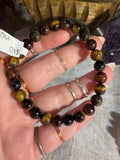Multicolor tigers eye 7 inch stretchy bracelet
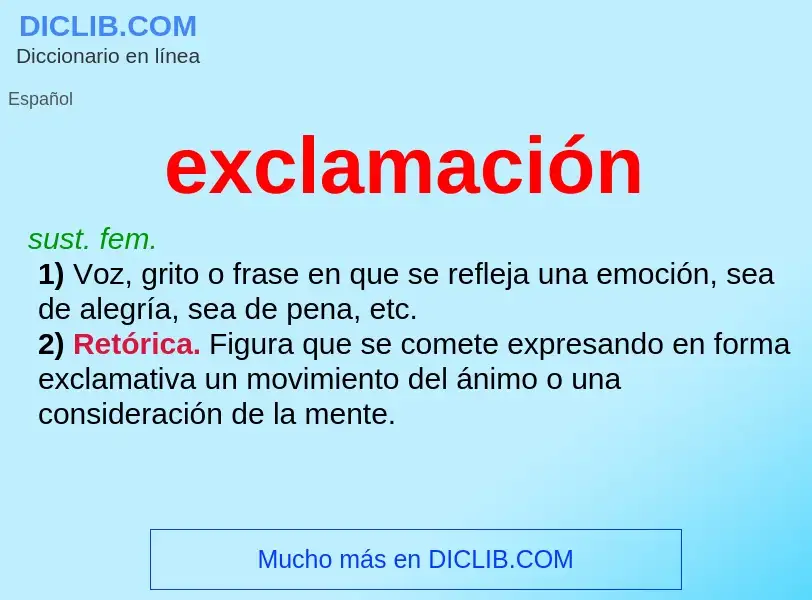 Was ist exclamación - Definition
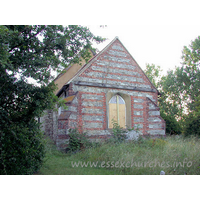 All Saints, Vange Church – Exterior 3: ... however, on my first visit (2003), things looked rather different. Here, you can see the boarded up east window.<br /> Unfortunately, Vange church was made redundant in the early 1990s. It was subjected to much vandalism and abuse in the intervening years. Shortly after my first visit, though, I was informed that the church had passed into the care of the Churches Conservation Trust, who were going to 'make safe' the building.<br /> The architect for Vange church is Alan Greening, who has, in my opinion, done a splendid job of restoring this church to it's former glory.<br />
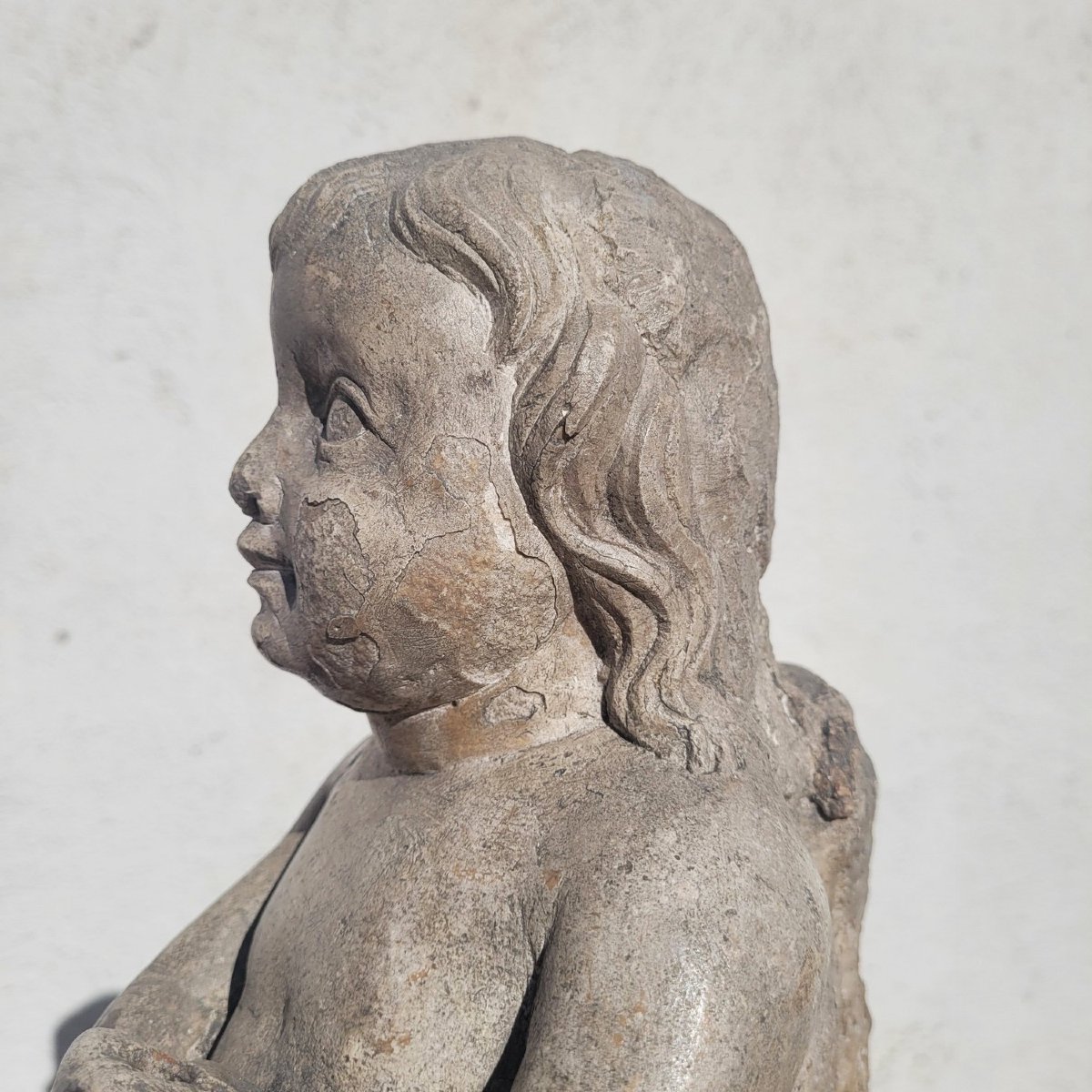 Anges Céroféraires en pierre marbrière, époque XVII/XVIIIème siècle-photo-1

=== WORK INSTRUCTION ===
Could you restate exactly the lines from the line containing "Was ist exclamación - Definition" through the end of the listing, both ends included and nothing else, leaving the images out?

=== SOLUTION TO THE PROBLEM ===
 Was ist exclamación - Definition
 All Saints, Vange Church – Exterior 3: ... however, on my first visit (2003), things looked rather different. Here, you can see the boarded up east window.<br /> Unfortunately, Vange church was made redundant in the early 1990s. It was subjected to much vandalism and abuse in the intervening years. Shortly after my first visit, though, I was informed that the church had passed into the care of the Churches Conservation Trust, who were going to 'make safe' the building.<br /> The architect for Vange church is Alan Greening, who has, in my opinion, done a splendid job of restoring this church to it's former glory.<br />
 Anges Céroféraires en pierre marbrière, époque XVII/XVIIIème siècle-photo-1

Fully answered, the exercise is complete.